WORK ITEM.
Begin at the line containing "Sala Comercial para" in the records below, end at the line containing "2021 DONGFENG RUIQI view 1", and retype each line in that span exactly. No other line and no image should appear.

DATA TO PROCESS.
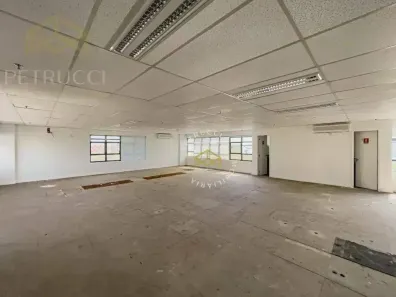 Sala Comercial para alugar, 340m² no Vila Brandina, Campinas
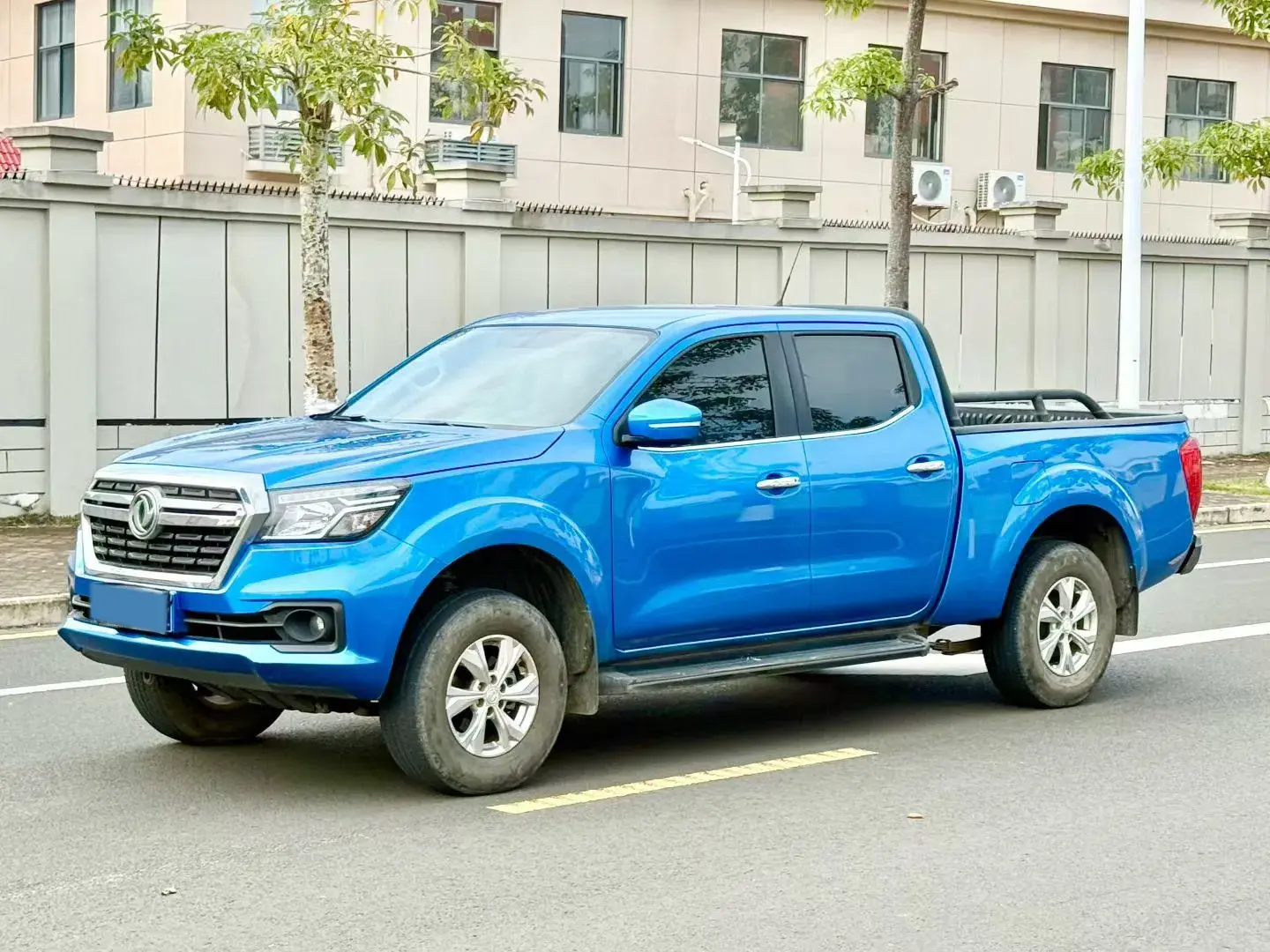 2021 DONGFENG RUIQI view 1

* * *

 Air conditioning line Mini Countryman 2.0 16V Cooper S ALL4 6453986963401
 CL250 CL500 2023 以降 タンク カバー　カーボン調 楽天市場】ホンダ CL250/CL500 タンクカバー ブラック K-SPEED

TASK RESPONSE.
 Sala Comercial para alugar, 340m² no Vila Brandina, Campinas
 2021 DONGFENG RUIQI view 1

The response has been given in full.